According to the Congressional Budget Office (CBO), this bill would cost $849 billion over the next 10 years. The left is selling this bill as a means to cut federal spending, yet the numbers buried in the CBO report should strike fear into the heart of every taxpayer. If the bill is fully implemented, it would cost a staggering $2.5 trillion over the first 10 years of implementation. Taxes would increase by $494 billion and Medicare would be cut $465 billion. Only liberals would argue that legislation containing massive increases in government spending, cuts in promised benefits for those on Medicare and huge tax increases could be good for America.

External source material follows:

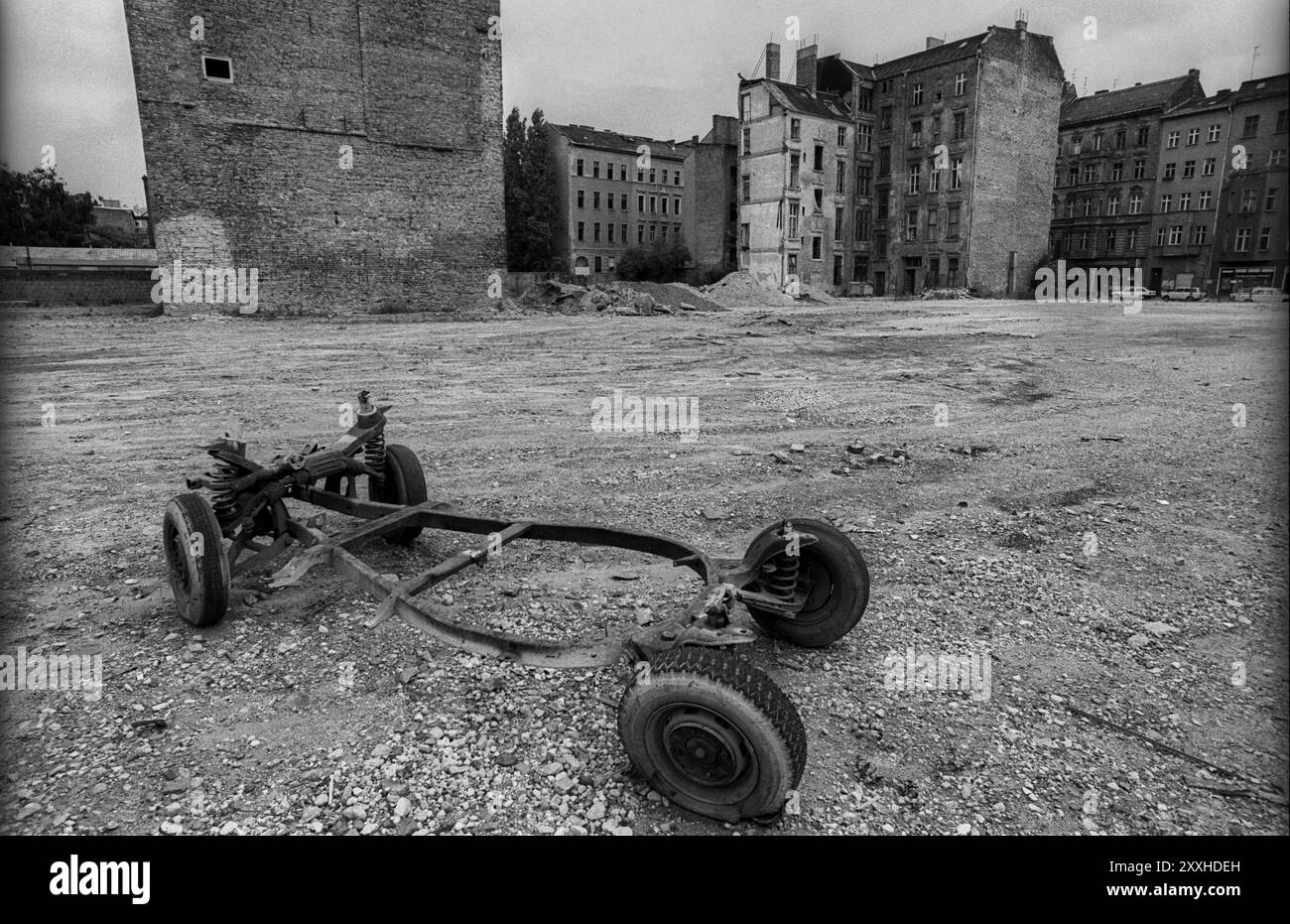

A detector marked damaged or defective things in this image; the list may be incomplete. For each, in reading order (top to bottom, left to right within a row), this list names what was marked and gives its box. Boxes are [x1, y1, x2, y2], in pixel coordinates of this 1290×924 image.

damaged facade [121, 0, 502, 313]
rusty car chassis [161, 392, 866, 820]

This bill would also allow federal dollars to go to health insurance plans that fund abortion, so a debate over federal funding of abortion could take the bill down. The mandates in the bill would further aggravate Americans if they are forced to buy a product that is both very expensive and not very good. It's possible that if the Senate passes this bill and sends it to the House, the House could pass it quickly and get it to the President's desk by Christmas.

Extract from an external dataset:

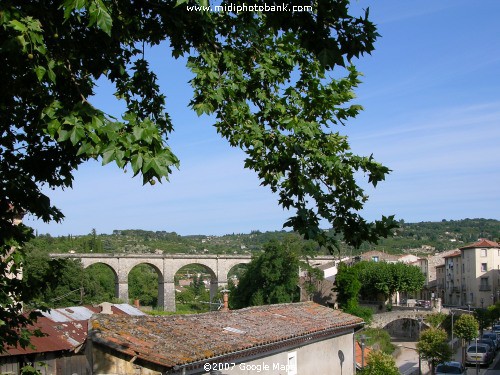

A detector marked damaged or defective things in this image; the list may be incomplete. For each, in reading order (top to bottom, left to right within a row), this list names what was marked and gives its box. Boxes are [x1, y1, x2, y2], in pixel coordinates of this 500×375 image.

rusty metal roof [91, 302, 364, 370] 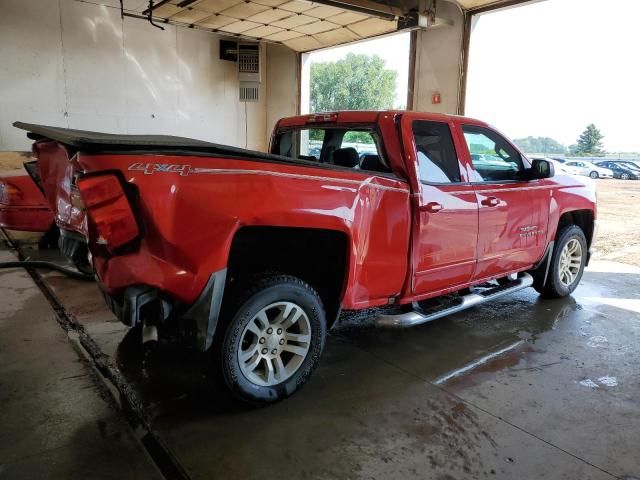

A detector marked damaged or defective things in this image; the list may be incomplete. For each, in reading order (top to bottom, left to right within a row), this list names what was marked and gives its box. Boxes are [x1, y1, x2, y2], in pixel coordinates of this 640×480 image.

missing taillight [76, 174, 140, 253]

However, it's unclear whether Reid has the votes to pass his mammoth bill and push it one step closer to President Obama's desk.
Bush on Trial in NYC
The decision to bring Khalid Sheikh Mohamed and four other foreign terrorists to New York City may be simply a means for the Obama Administration to play politics with 9/11 and put Bush Administration anti-terrorism initiatives on trial in a federal court in New York City.
Last week, Attorney General Eric Holder attempted to explain to the Senate Judiciary Committee his rational for using civilian courts to try enemy combatants. Holder's tortured logic is hard to understand when one recalls that Mohamed pled guilty and requested the death penalty at a military tribunal in Guantanamo Bay. There's no need for a trial.

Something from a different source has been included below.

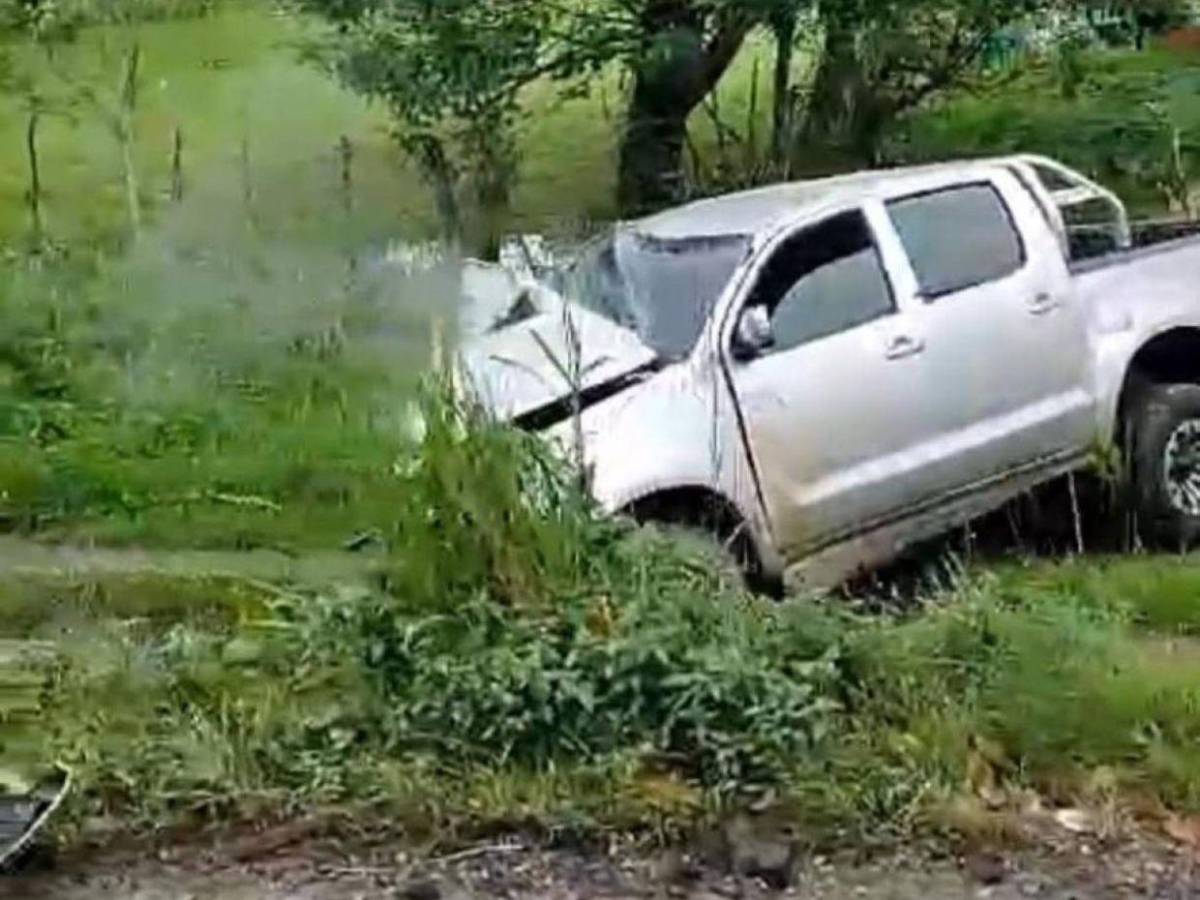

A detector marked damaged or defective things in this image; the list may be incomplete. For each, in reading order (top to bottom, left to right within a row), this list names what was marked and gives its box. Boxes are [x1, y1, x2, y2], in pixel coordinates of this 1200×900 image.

damaged hood [462, 262, 664, 428]
wrecked silver pickup truck [464, 155, 1200, 592]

The irony is that the Obama Administration is committed to keeping Mohammed locked up even if he's acquitted. Sen. Charles Grassley (R-Iowa) asked Holder, "It's my understanding that if he is not convicted, and somehow the judge lets him off on a technicality or something, then he becomes an enemy combatant, and then you are right back where you started." Sen. Lindsay Graham (R-S.C.) called this trial "a perversion of the justice system." Sen. Jeff Sessions (R-Ala.) said that the decision is "dangerous." This appears to be a show trial, one that would put Bush Administration interrogation techniques in the spotlight.
End the TARP
This past week, Sen. John Thune (R-S.D.) introduced legislation to repeal the authority of the Secretary of Treasury to extend the Troubled Asset Relief Program. The individual who investigates the so-called TARP predicts that there is $317 billion still in the program that could be saved if the program was ended today. Conservative are worried that the remaining funds could be used as a slush fund to pay for liberal projects.
But enough talk of legislative turkeys. Enjoy Thanksgiving dinner. There will be time in December to worry about the politics of Obamacare, new trials for terrorists and ongoing federal bailouts.
Brian Darling is director of U.S. Senate Relations at The Heritage Foundation.